WORK TASK: Print every record exactly as it appears. Leave the pictures out.

AVAILABLE DATA:
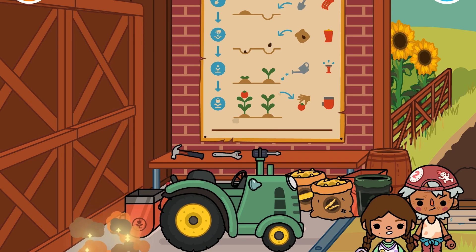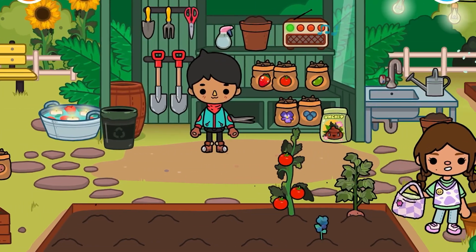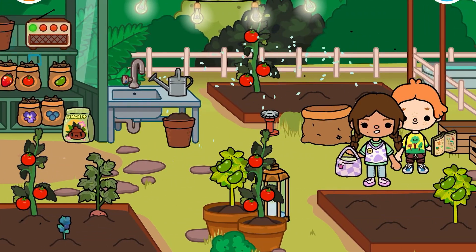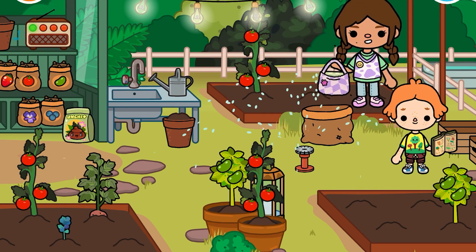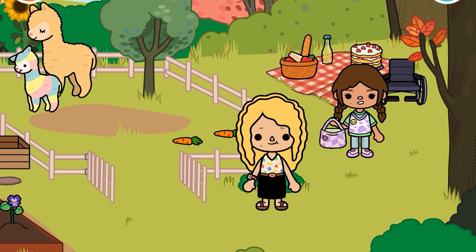And you can pick them up. You can add things and stuff, water them. A really good way if you want to water them quickly is to put the sprinkler in the middle of things.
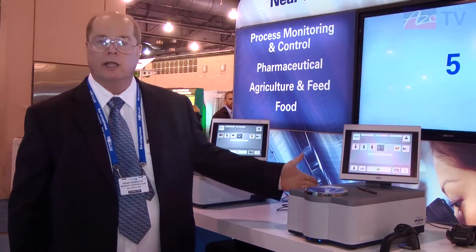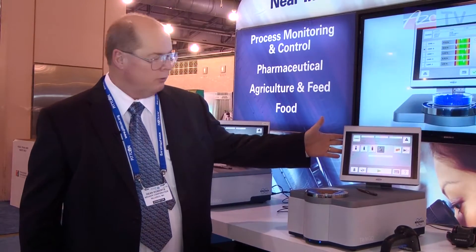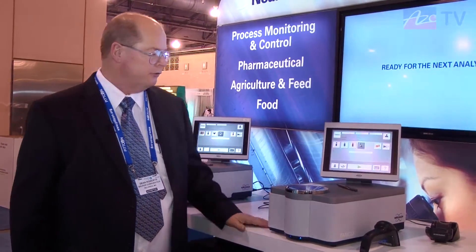The Tango is a self-contained unit featuring an embedded PC with touch panel control. It's pre-calibrated for all of the major applications in the food, beverage, and agricultural products industry.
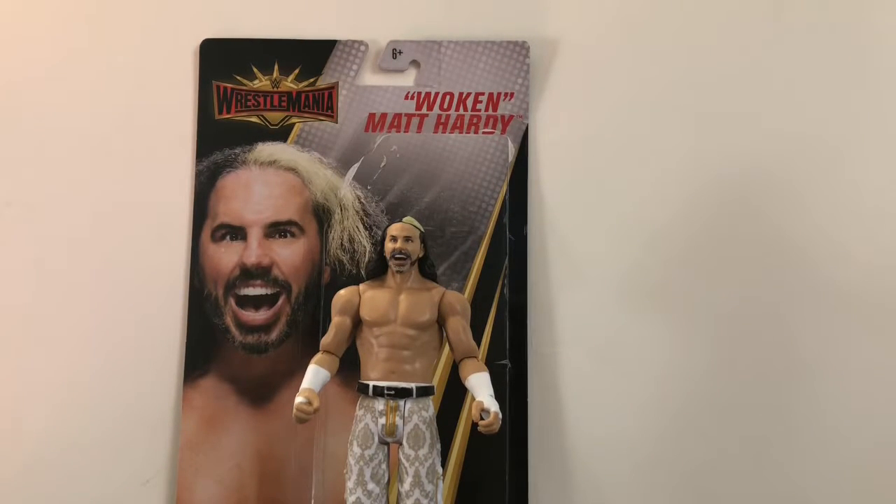If you're a Matt Hardy fan and you can find this figure, pick it up. These figures have been popping up at Five Below, TJ Maxx, Marshalls, and even HomeGoods. So if you're still looking for the WrestleMania 35 basic figures or even the two packs, get out there and happy hunting. It's definitely worth it whether you pay $10 at Walmart or Target, or $5 at Five Below.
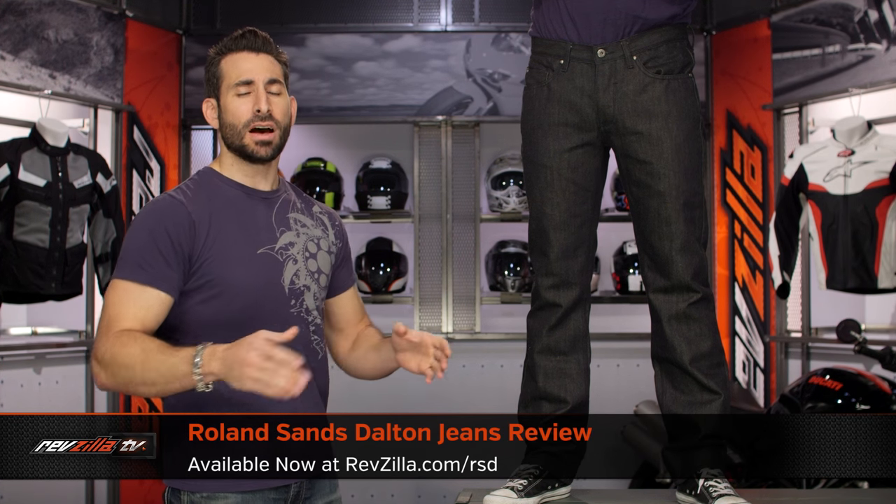Hey, this is Anthony from RevZilla TV — watch, decide, and ride. Welcome to our detailed breakdown of the new Roland Sands Dalton jeans, available at RevZilla.com.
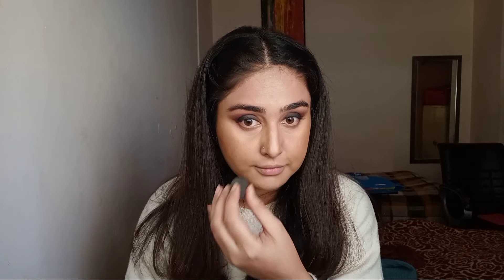I'll use the same cream contour for my nose and also for my jawline.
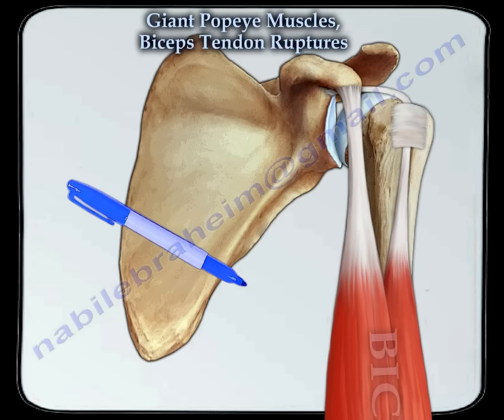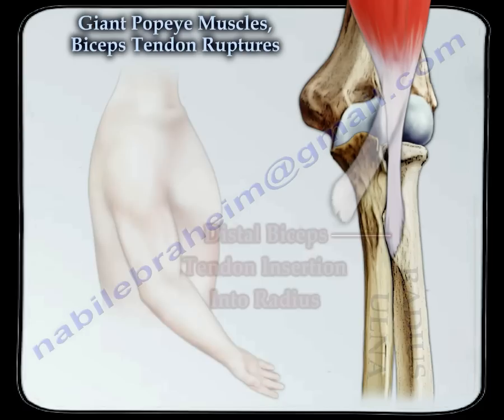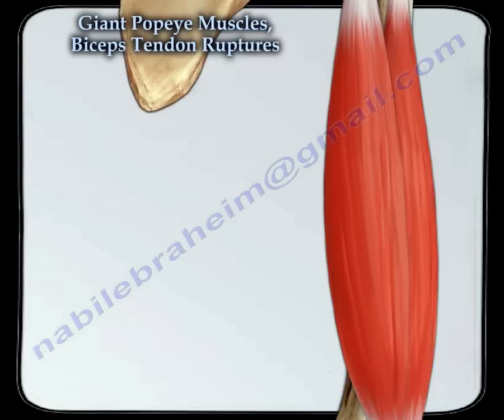The biceps muscle attaches from the shoulder to the elbow. It helps to flex the elbow joint.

SOLVED PROBLEM:
And you can pick them up. You can add things and stuff, water them. A really good way if you want to water them quickly is to put the sprinkler in the middle of things.
The Tango is a self-contained unit featuring an embedded PC with touch panel control. It's pre-calibrated for all of the major applications in the food, beverage, and agricultural products industry.
If you're a Matt Hardy fan and you can find this figure, pick it up. These figures have been popping up at Five Below, TJ Maxx, Marshalls, and even HomeGoods. So if you're still looking for the WrestleMania 35 basic figures or even the two packs, get out there and happy hunting. It's definitely worth it whether you pay $10 at Walmart or Target, or $5 at Five Below.
Hey, this is Anthony from RevZilla TV — watch, decide, and ride. Welcome to our detailed breakdown of the new Roland Sands Dalton jeans, available at RevZilla.com.
I'll use the same cream contour for my nose and also for my jawline.
The biceps muscle attaches from the shoulder to the elbow. It helps to flex the elbow joint.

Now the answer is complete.